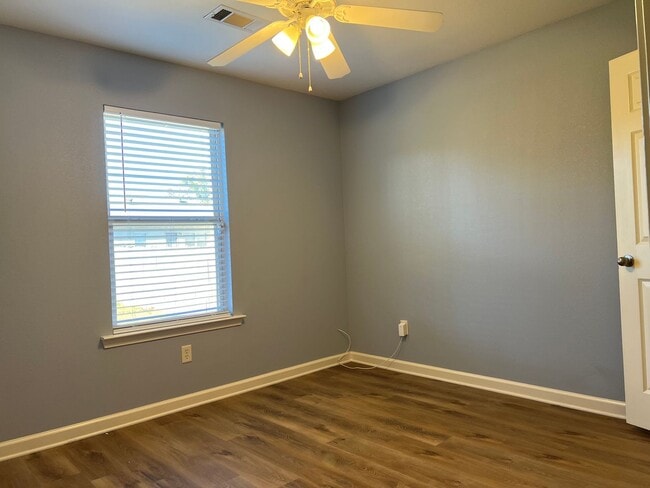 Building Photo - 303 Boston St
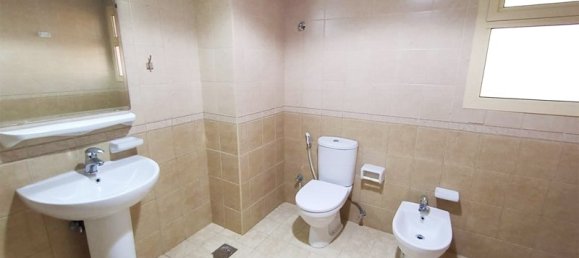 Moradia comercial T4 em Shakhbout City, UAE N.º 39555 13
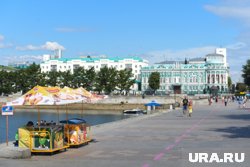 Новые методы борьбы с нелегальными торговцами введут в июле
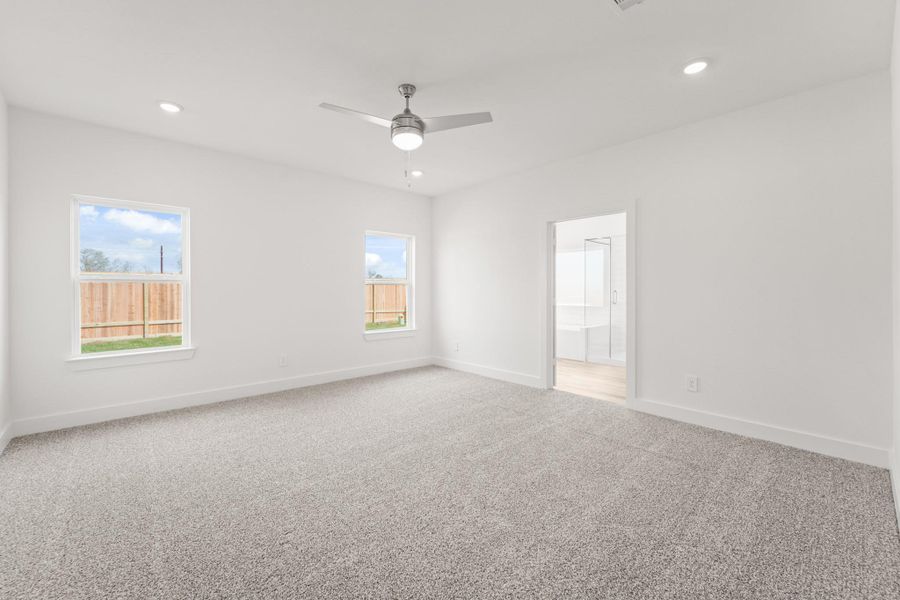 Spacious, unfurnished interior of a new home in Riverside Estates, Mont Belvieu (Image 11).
*-*-*
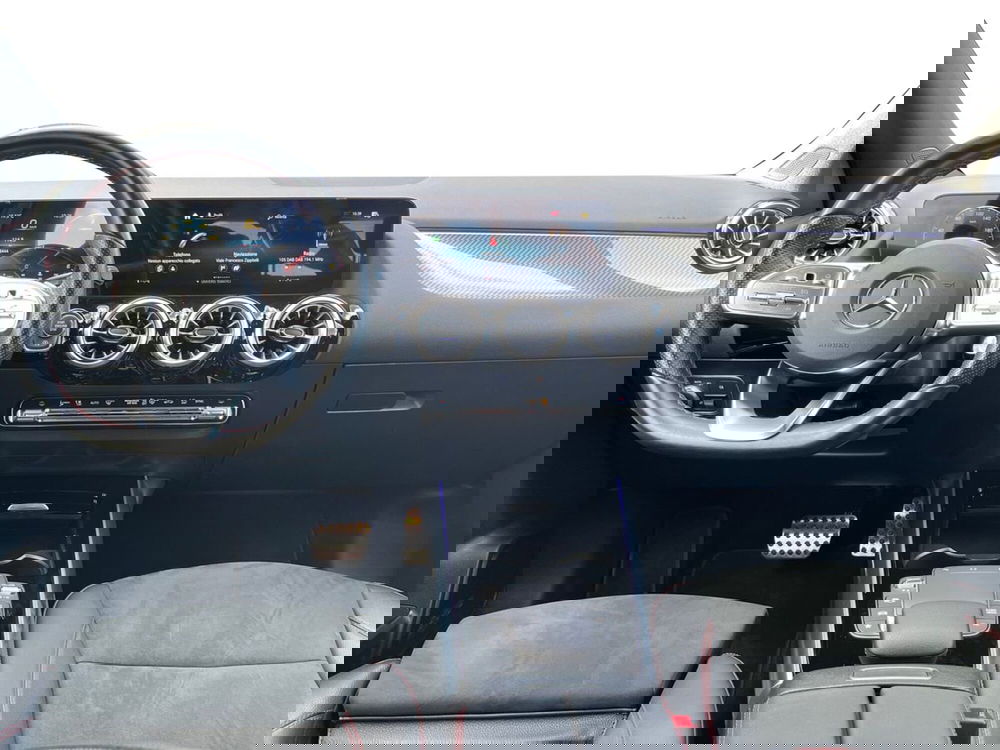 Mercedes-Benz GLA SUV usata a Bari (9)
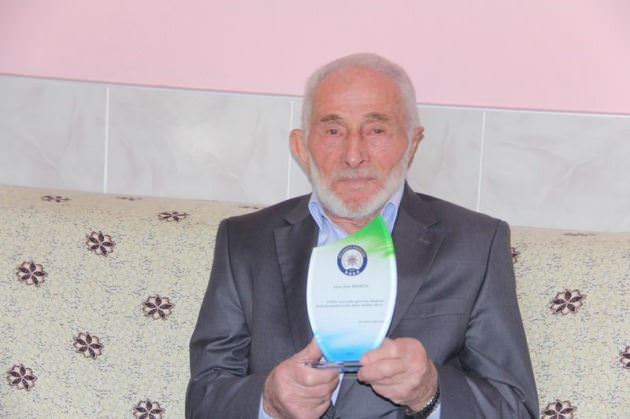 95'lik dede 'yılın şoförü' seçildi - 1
*-*-*
> [Work item]:
Write down exactly what the lines above say, from the line holding "Building Photo - 303 Boston St" through the line holding "Spacious, unfurnished interior", and nothing more. Do not copy the pictures.

> [Written response]:
 Building Photo - 303 Boston St
 Moradia comercial T4 em Shakhbout City, UAE N.º 39555 13
 Новые методы борьбы с нелегальными торговцами введут в июле
 Spacious, unfurnished interior of a new home in Riverside Estates, Mont Belvieu (Image 11).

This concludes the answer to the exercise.